An open field is traditionally described as the unoccupied or undeveloped area outside a home's "curtilage," with curtilage defined rather obliquely as the "land immediately surrounding and associated with the home." Oliver v. United States, 466 U.S. 170, 180 (1984). Accordingly, in this case, if the warehouse functions as the "home," the question is whether Defendant attempted to exclude the public from the parking lot so that it is part of the warehouse's "curtilage," in which he has an expecation of privacy. See United States v. Hall, 47 F.3d 1091, 1095 (11th Cir.), cert. denied, 516 U.S. 816 (1995); Air Pollution Variance Bd. of Colo. v. W. Alfalfa Corp., 416 U.S. 861, 865 (1974).

Judge Payson found that the Defendant adequately attempted to bar the public from entry onto the parking lot with two locked entrances and fencing that surrounded the premises. Thus, she found that the government could not get around the warrant requirement by calling the parking lot an open field. Furthermore, she noted that even if Whitt entered the premises through a gap in the gates, he only found that gap by trespassing across private property. Accordingly, the fencing still allowed Defendant to retain a reasonable expectation of privacy in the parking lot. The government did not object to this determination, and this Court again agrees with it. The parking lot was part of the warehouse's curtilage and not an open field.

4. Plain View

The government also argues that the items Whitt seized from the parking lot were in plain view, and thus they are not entitled to Fourth Amendment protection.

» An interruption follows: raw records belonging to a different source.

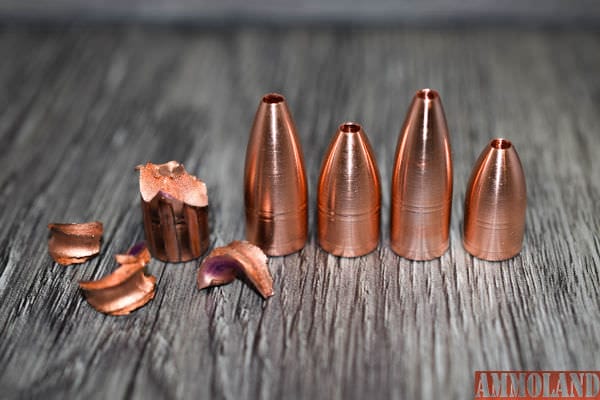 Cutting Edge Bullets - MAXIMUS Muzzleloader Bullets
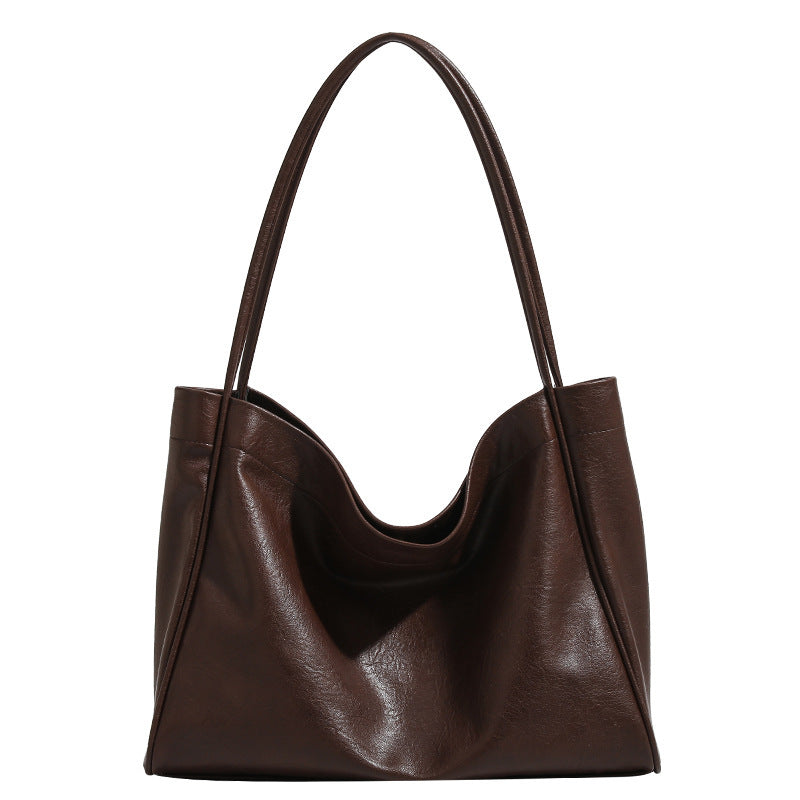 Genuine Leather Shoulder Bag
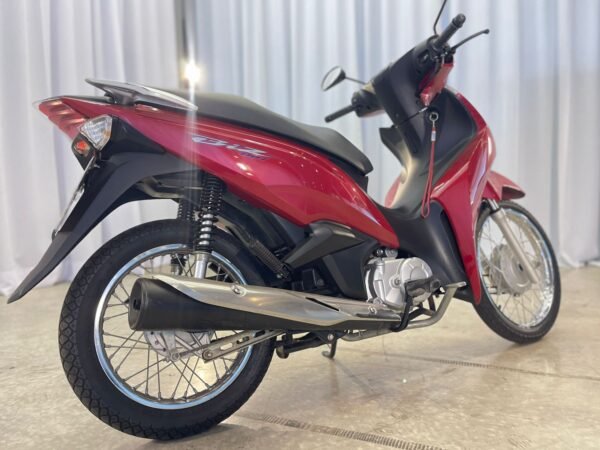 HONDA BIZ 110i 2019 FLEX - Imagem 5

The government's reasoning appears to be that because Whitt was able to plainly view asbestos and other evidence from the gated entrance at Violetta Street, Defendant "expose[d] it to the public," and thus he had no reasonable expectation of privacy in the evidence seized. ECF No. 74, at 11-12 (quoting Katz v. United States, 389 U.S. 347, 351 (1967)).

The government is correct that Defendant had no reasonable expectation of privacy in the actual scene that Whitt was able to view from behind a gate on a publicly-accessible street. The "plain view" doctrine, however, is a seizure doctrine; in other words, when the officer already has a lawful right of access to the evidence, he can reach out and seize it as long as it is plainly in view and its incriminating nature is readily apparent. See Horton v. California, 496 U.S. 128, 136-37 (1990). Accordingly, in order to rely on plain view, the government must use one of the exceptions to the warrant requirement to show that Whitt had a lawful right of access to the evidence. Judge Payson correctly determined that the plain view doctrine cannot apply on its own, before the government has established that it had a lawful right of access to the evidence seized.

5. Pervasively Regulated Industries and the Constitutionality of Code Rule 56

Another way that the government has argued that Whitt lawfully accessed and inspected the parking lot was through his reliance on Code Rule 56. Code Rule 56 a set of asbestos-related regulations promulgated by the New York State Department of Labor. The general purpose of these regulations is to require that persons or companies engaged in asbestos-removal projects follow certain procedures when handling and disposing asbestos-containing material. See N.Y.C.R.R. § 56-1.2(b). Code Rule 56 also includes the following critical provision:

Right of Entry. The Commissioner [of the New York State Department of Labor] or officers and employees of the Department [of Labor] shall at any time, from commencement to completion of any asbestos project, have the right to enter any part of such project, or at any time for complaint investigation. Refusal to permit such entry may result in application of appropriate penalties set forth in statute and code including enjoining further work on the project.
N.Y.C.R.R. § 56-12.4 (emphasis in original). In other words, a provision of the Rule allows employees of the Department of Labor to enter property when the Department of Labor receives a complaint about an asbestos project on the property.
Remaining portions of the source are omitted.